EXERCISE GOAL
Give back exactly the first lines of the entries below, through the line with "809 Poinsettia Avenue, Lehigh".

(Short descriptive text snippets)
■ ■ ■

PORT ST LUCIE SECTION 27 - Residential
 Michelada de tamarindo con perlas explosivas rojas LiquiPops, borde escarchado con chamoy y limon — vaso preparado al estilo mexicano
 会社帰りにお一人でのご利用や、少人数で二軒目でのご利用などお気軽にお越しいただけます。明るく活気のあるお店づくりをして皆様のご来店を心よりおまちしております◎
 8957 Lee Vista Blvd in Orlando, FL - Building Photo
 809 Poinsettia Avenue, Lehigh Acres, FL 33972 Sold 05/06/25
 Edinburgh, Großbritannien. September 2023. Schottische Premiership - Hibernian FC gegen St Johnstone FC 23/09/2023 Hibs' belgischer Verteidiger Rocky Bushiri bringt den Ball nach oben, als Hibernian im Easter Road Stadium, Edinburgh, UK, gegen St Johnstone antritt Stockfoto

■ ■ ■

WORKED SOLUTION
PORT ST LUCIE SECTION 27 - Residential
 Michelada de tamarindo con perlas explosivas rojas LiquiPops, borde escarchado con chamoy y limon — vaso preparado al estilo mexicano
 会社帰りにお一人でのご利用や、少人数で二軒目でのご利用などお気軽にお越しいただけます。明るく活気のあるお店づくりをして皆様のご来店を心よりおまちしております◎
 8957 Lee Vista Blvd in Orlando, FL - Building Photo
 809 Poinsettia Avenue, Lehigh Acres, FL 33972 Sold 05/06/25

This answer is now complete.